A new tech breakthrough promises to breathe new life into older 8GB graphics cards, letting them smoothly run top AAA titles without spending a dime on upgrades.
1. The 8GB VRAM Paradox: Why the Legendary GTX 1070 Isn’t Retiring Yet
According to the latest Steam stats, 8GB VRAM cards still hold the largest share at 27.5%. But with 2K and 4K resolutions becoming standard and modern anti-aliasing tech demanding more memory, 8GB is starting to struggle, causing annoying stutters from VRAM exhaustion.

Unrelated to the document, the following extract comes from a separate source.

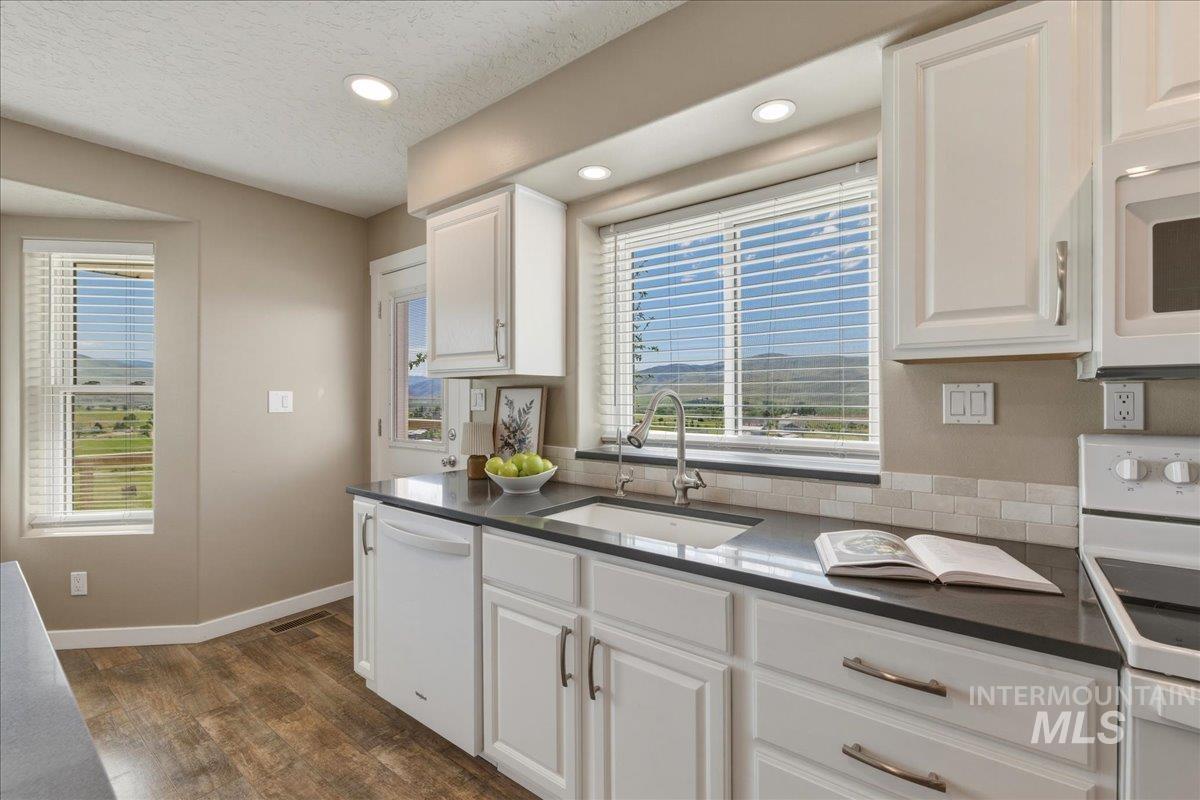 5303 Montour Rd., Emmett, Idaho 83617, 3 Bedrooms, 2 Bathrooms, Residential For Sale, Price $740,000,MLS 98985351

2. Valve’s dmemcg-booster: Squeezing Every Drop of Performance
Valve engineer Vock (pixelcluster) recently introduced a solution called dmemcg-booster. Instead of adding physical VRAM (which isn’t possible), this tech changes how the OS allocates resources:
Game Gets Top Priority: When a game runs, the system automatically pushes data from background apps (like Chrome or chat apps) out of VRAM and into system RAM.
Real Results: Testing on Cyberpunk 2077 with an 8GB card showed VRAM usage rising from 6GB to nearly 7.4GB after the patch. Sudden FPS drops dropped significantly because the game no longer has to constantly swap data with slower RAM over PCIe.
3. Current Roadblocks: Nvidia Says No, Intel and AMD Are In, Linux Only For Now
While promising, this tech is still in development and faces some limits:
Linux Only: The patch currently runs only on the Linux kernel (like SteamOS on Steam Deck).
Nvidia Stays Closed: Because Nvidia’s VRAM management is closed source, only Intel and AMD GPUs can use this for now. Tech fans hope Valve can convince Nvidia to open up and help millions of gamers with older cards.